-------- EXTRACTED ENTRIES --------

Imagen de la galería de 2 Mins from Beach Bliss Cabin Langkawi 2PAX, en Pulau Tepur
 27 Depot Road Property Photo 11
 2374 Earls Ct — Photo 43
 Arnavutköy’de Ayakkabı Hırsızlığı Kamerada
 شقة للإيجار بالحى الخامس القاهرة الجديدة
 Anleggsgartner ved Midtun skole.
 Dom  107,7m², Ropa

--------

WHAT NEEDS TO BE DONE:
Once you have read the data above, print all of it again exactly.

WRITTEN RESPONSE:
Imagen de la galería de 2 Mins from Beach Bliss Cabin Langkawi 2PAX, en Pulau Tepur
 27 Depot Road Property Photo 11
 2374 Earls Ct — Photo 43
 Arnavutköy’de Ayakkabı Hırsızlığı Kamerada
 شقة للإيجار بالحى الخامس القاهرة الجديدة
 Anleggsgartner ved Midtun skole.
 Dom  107,7m², Ropa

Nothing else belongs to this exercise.